• Exercise description: For this listing, the lines between the one holding "W7 Making Waves" and the one holding "Décoration intérieure et extérieure.", inclusive, must be set down exactly.

• Input material:
--
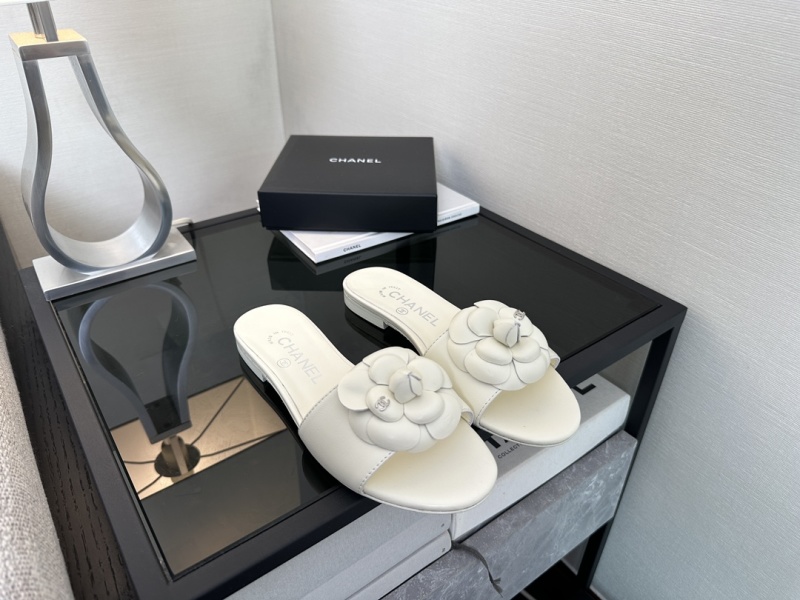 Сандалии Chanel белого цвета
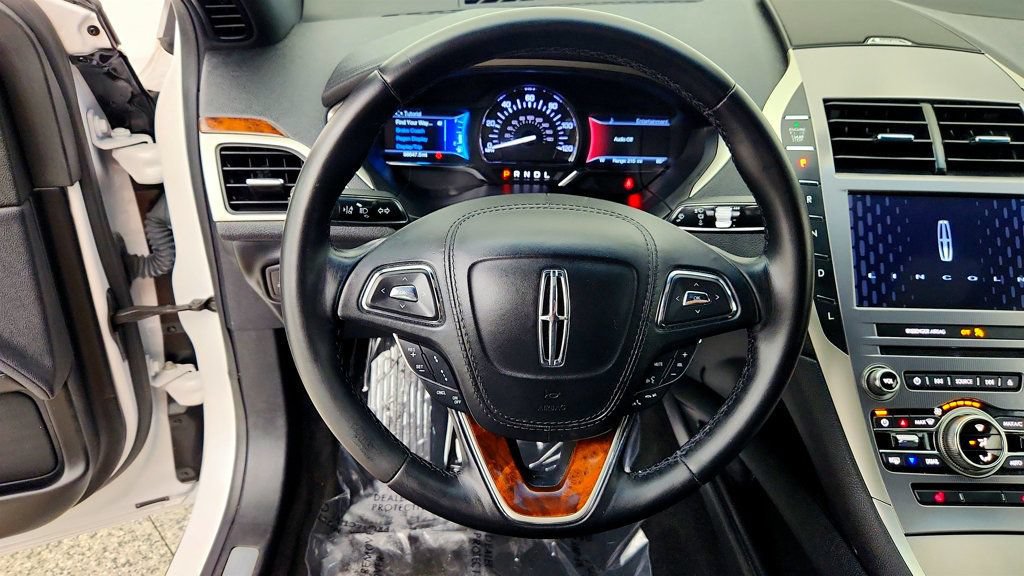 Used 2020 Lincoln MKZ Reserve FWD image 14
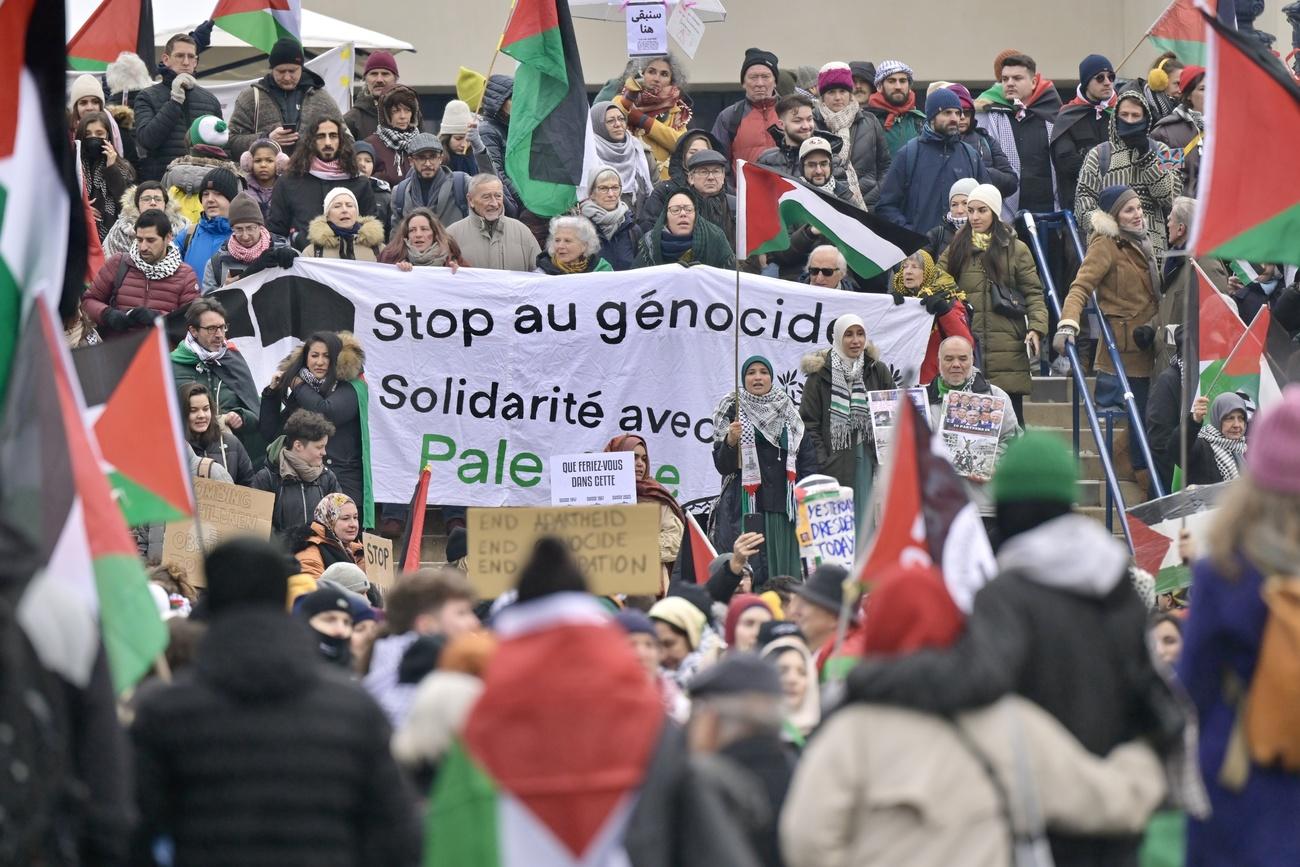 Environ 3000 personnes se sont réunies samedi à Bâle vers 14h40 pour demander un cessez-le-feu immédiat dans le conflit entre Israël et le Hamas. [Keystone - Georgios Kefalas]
--
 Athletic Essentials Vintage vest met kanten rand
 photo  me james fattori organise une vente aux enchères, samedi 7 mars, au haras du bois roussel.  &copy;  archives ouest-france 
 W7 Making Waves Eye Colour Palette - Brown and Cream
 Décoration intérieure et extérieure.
--
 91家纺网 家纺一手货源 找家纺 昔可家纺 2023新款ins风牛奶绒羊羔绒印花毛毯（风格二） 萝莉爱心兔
--
• Solution:
 W7 Making Waves Eye Colour Palette - Brown and Cream
 Décoration intérieure et extérieure.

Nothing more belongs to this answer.